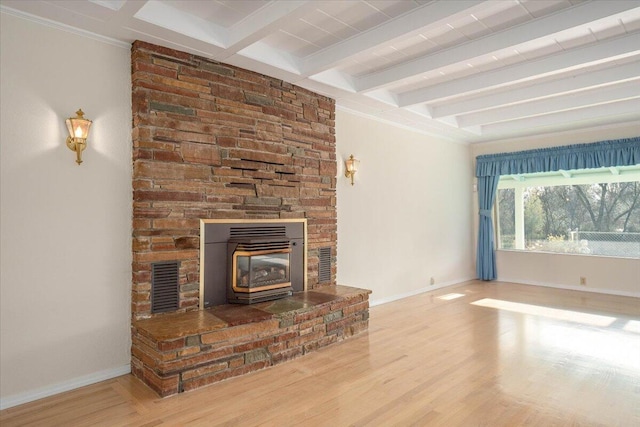 unfurnished living room featuring beamed ceiling, a wood stove, and hardwood / wood-style floors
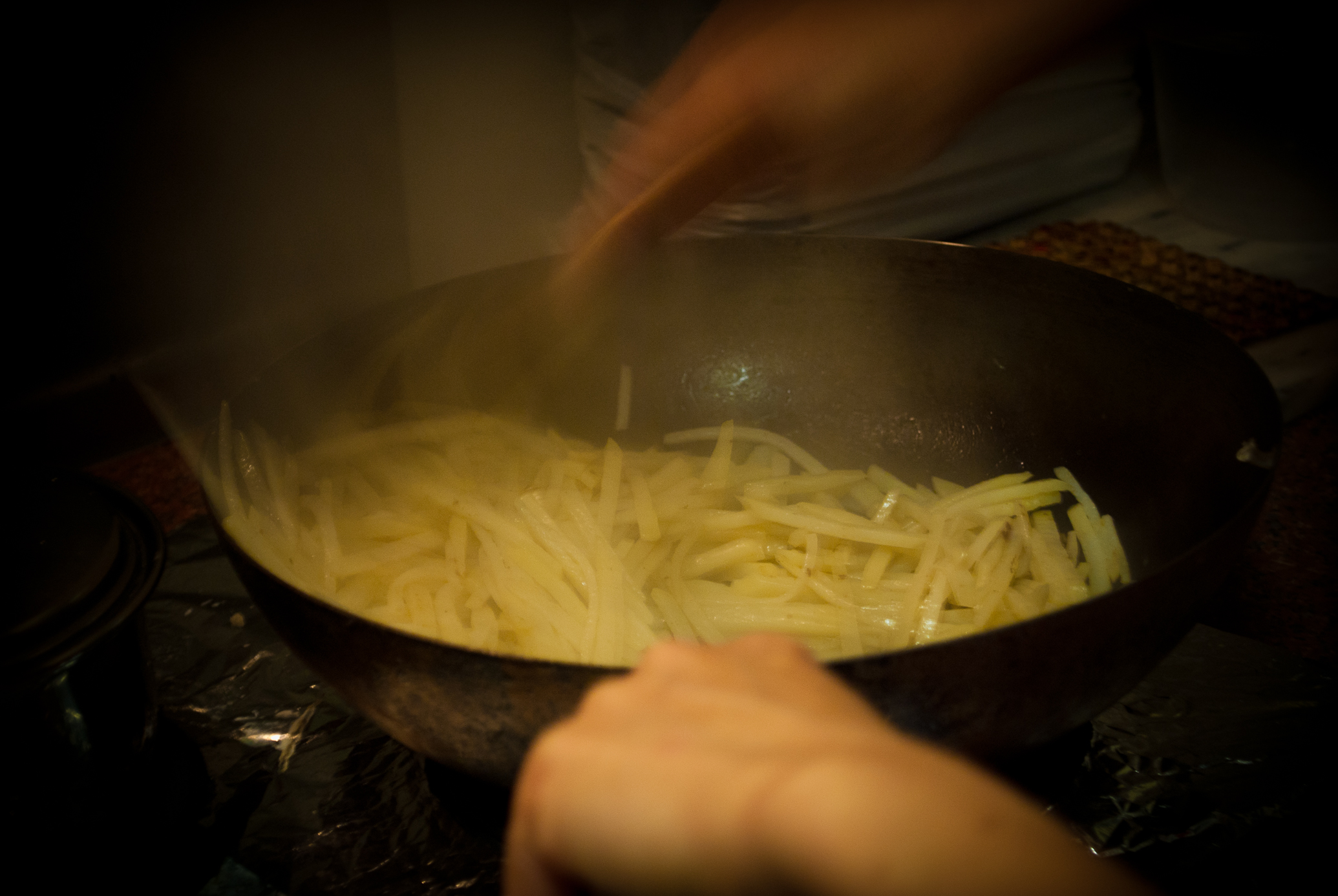 a person frying a pan filled with pasta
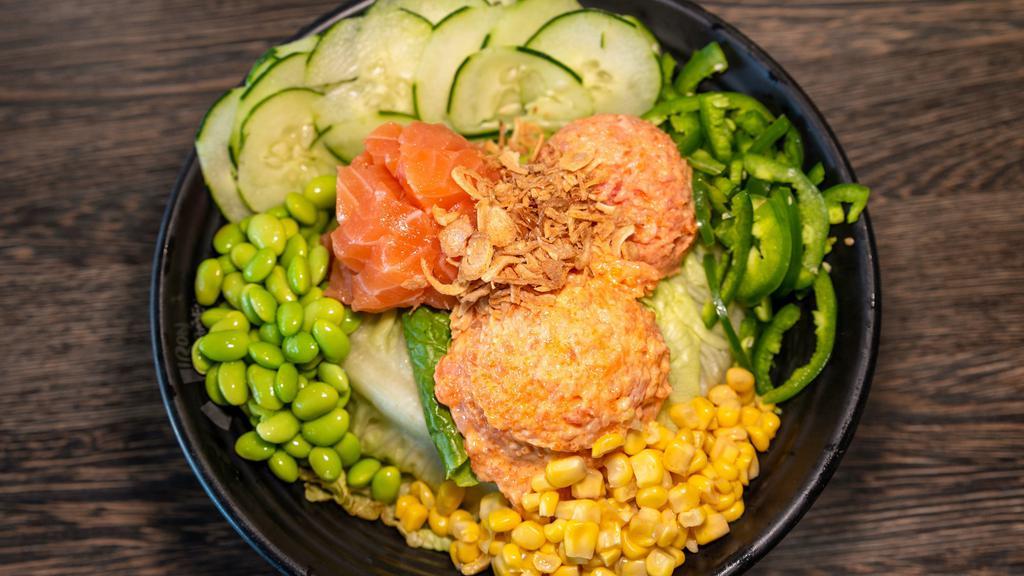 Fire Bowl · Spicy tuna, spicy salmon, salmon, cucumber, jalapeño, edamame, spicy mayo, honey wasabi sauce, sweet corn, and crispy onions. Consuming raw or under cooked meats, fish or shellfish may increase your risk of food-borne illness, especially if you have certain medical condition.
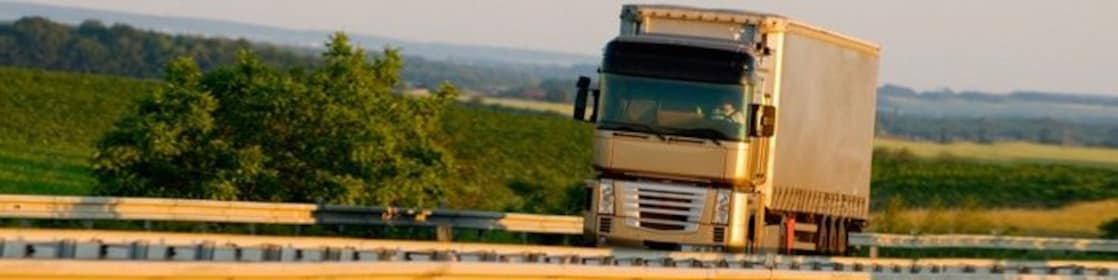 Camion semi-remorque blanc et argenté roulant sur une route rurale par une journée ensoleillée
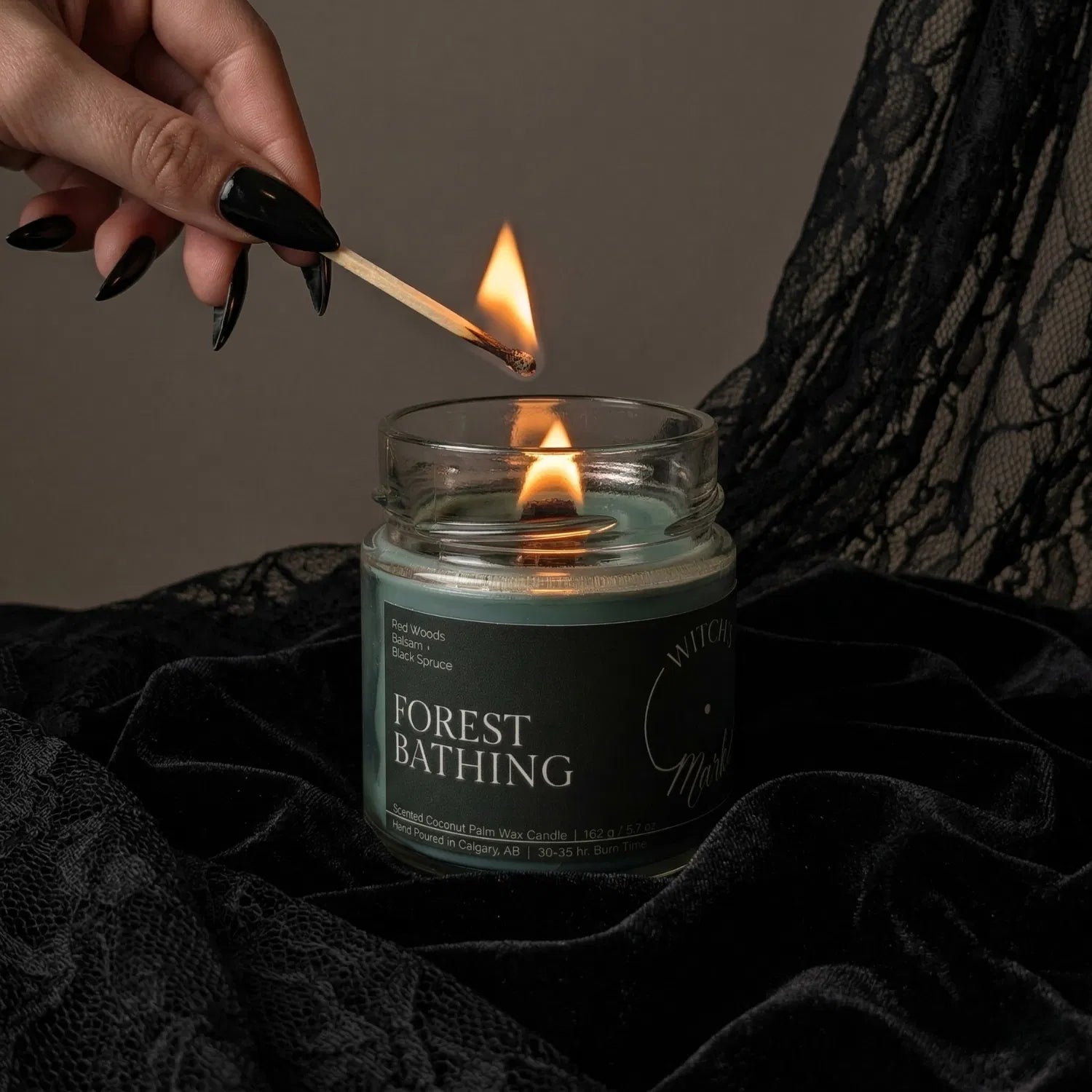 A hand with black nail polish using a match to light the wooden wick of a deep green Forest Bathing candle by Witch's Mark, set against a dark aesthetic background featuring draped black lace.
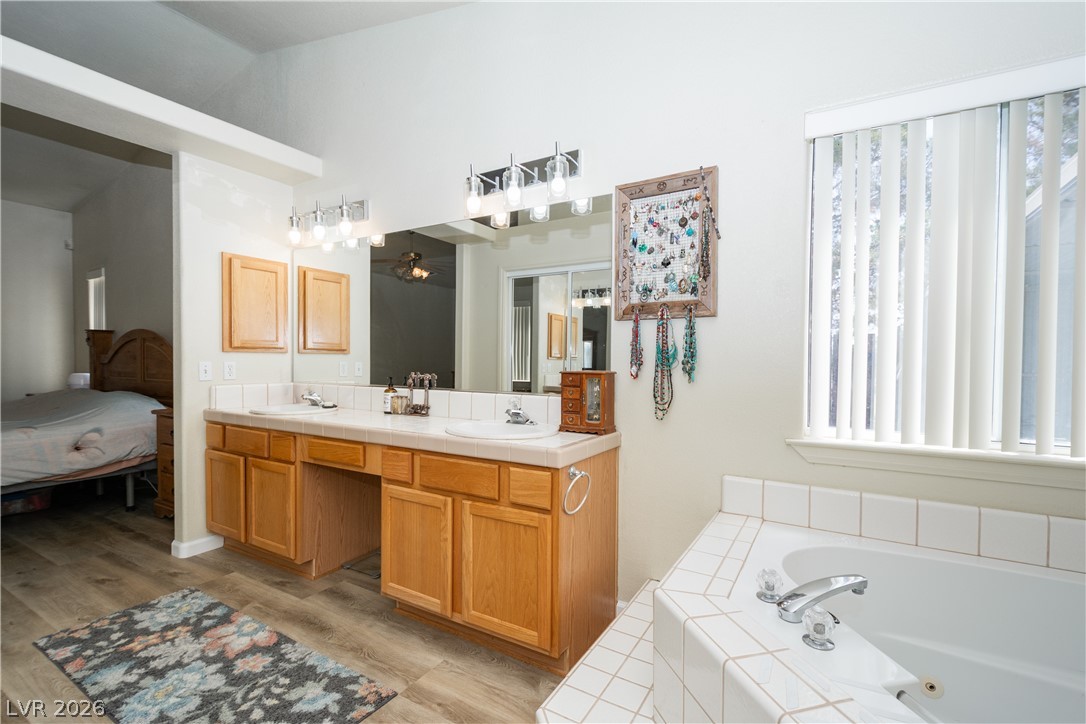 2381 Tough Boy Road Pahrump, NV 89060 - Photo 18 of 44 This spacious bathroom offers a double vanity and a comfortable soaking tub.
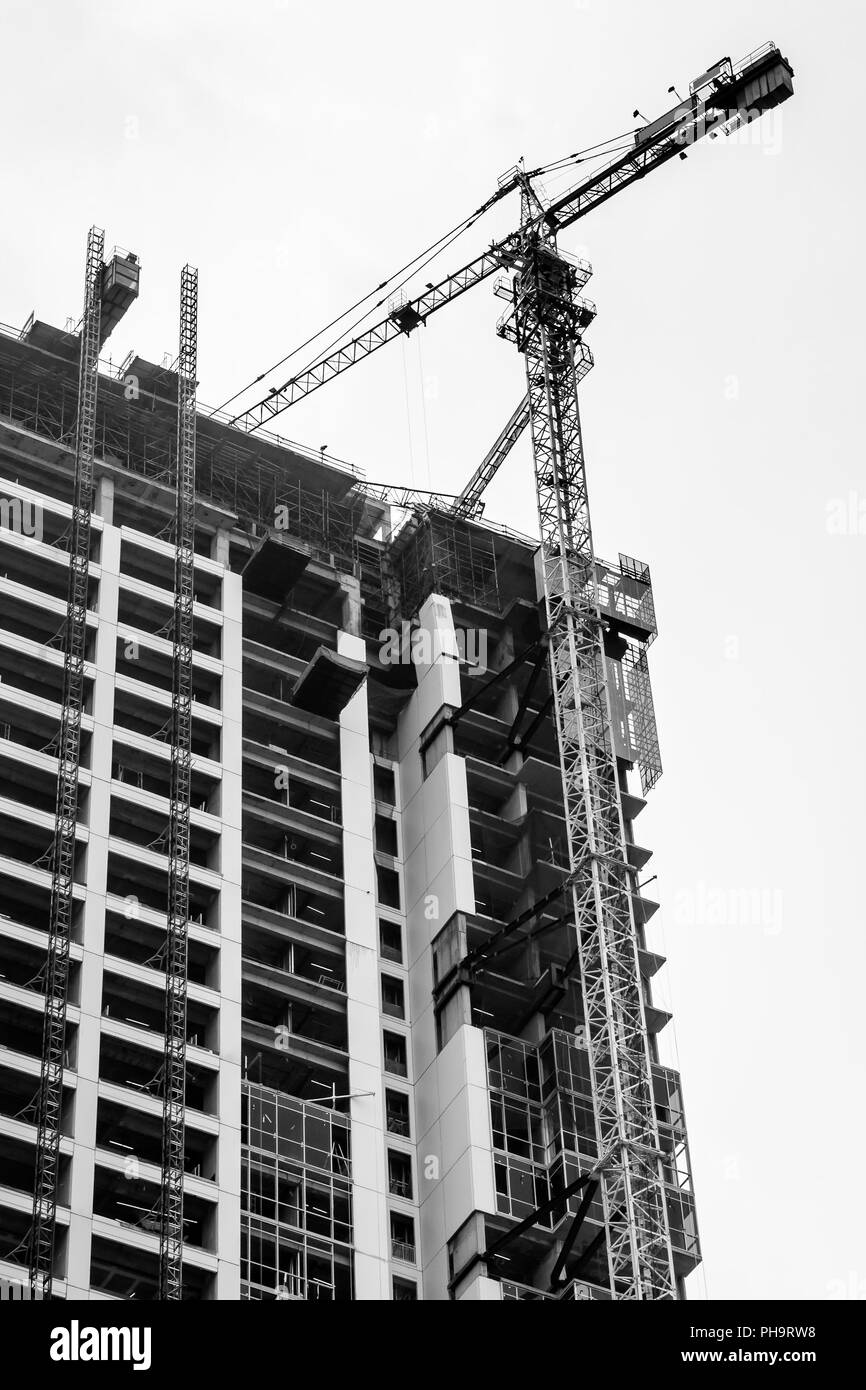 La costruzione di un edificio alto che nel processo di sviluppo e di una torre della gru sul suo lato. Foto Stock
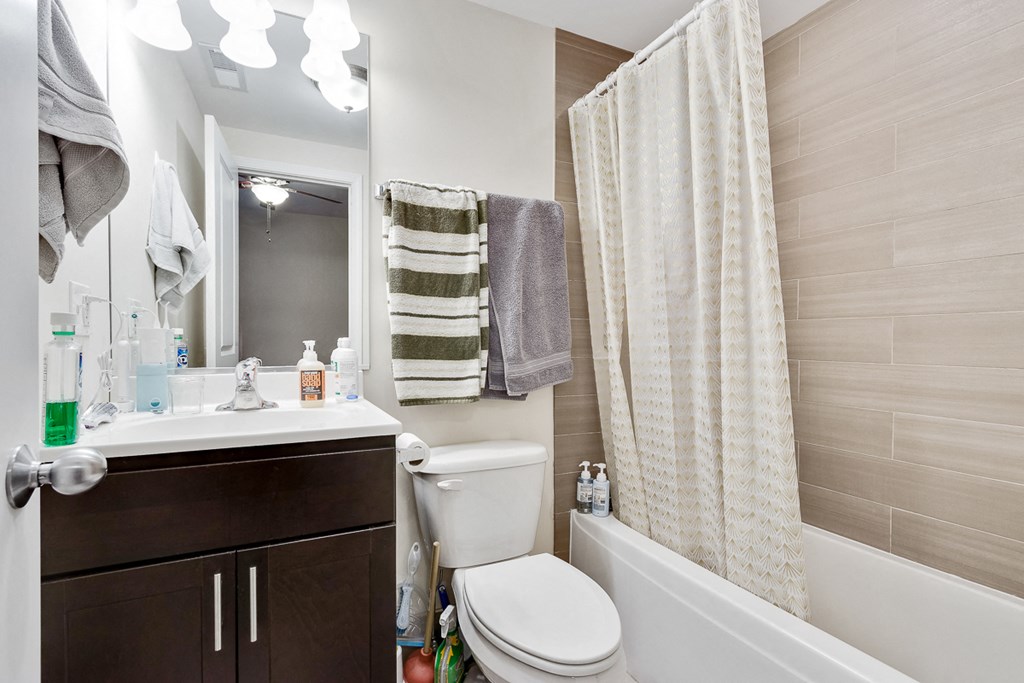 a bathroom with a toilet sink and shower and a mirror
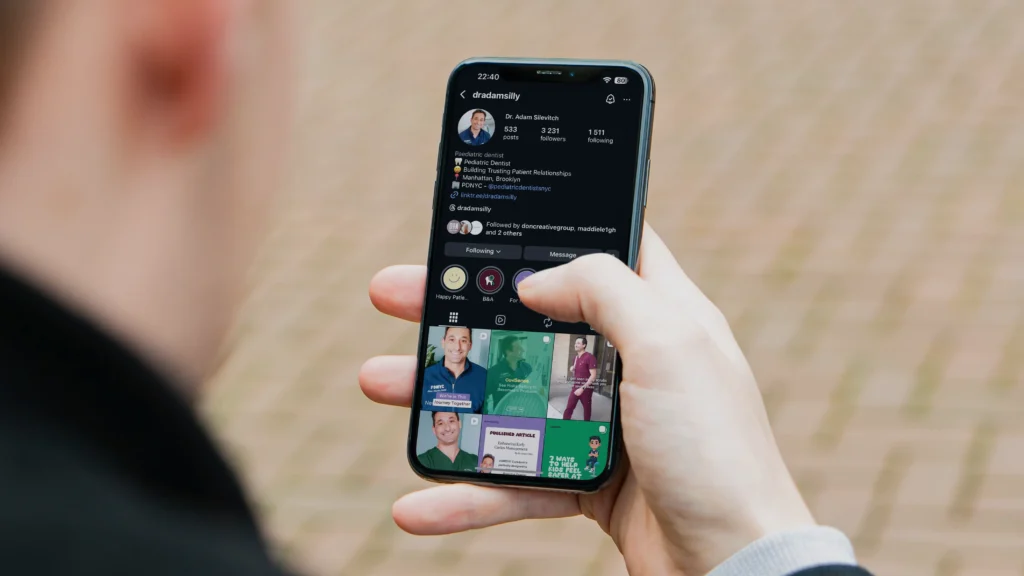 Person viewing a professional Instagram profile on a smartphone during social media planning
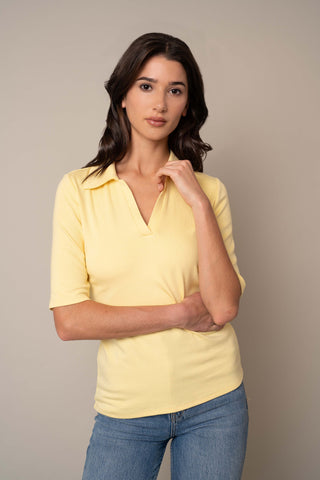 Model is wearing the Ribbed Polo in French Vanilla.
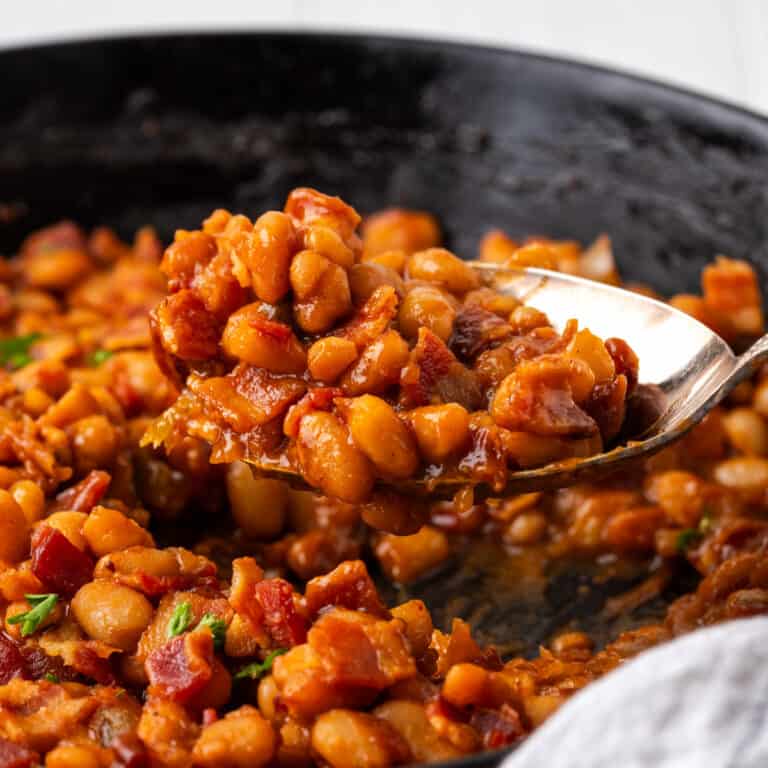 A serving spoon dishing out gluten free baked beans with bacon pieces.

***

Pictures are to be left out; the answer must otherwise be exactly the lines from the one with "Model is wearing" through the final line of the entries above, both included.

 Model is wearing the Ribbed Polo in French Vanilla.
 A serving spoon dishing out gluten free baked beans with bacon pieces.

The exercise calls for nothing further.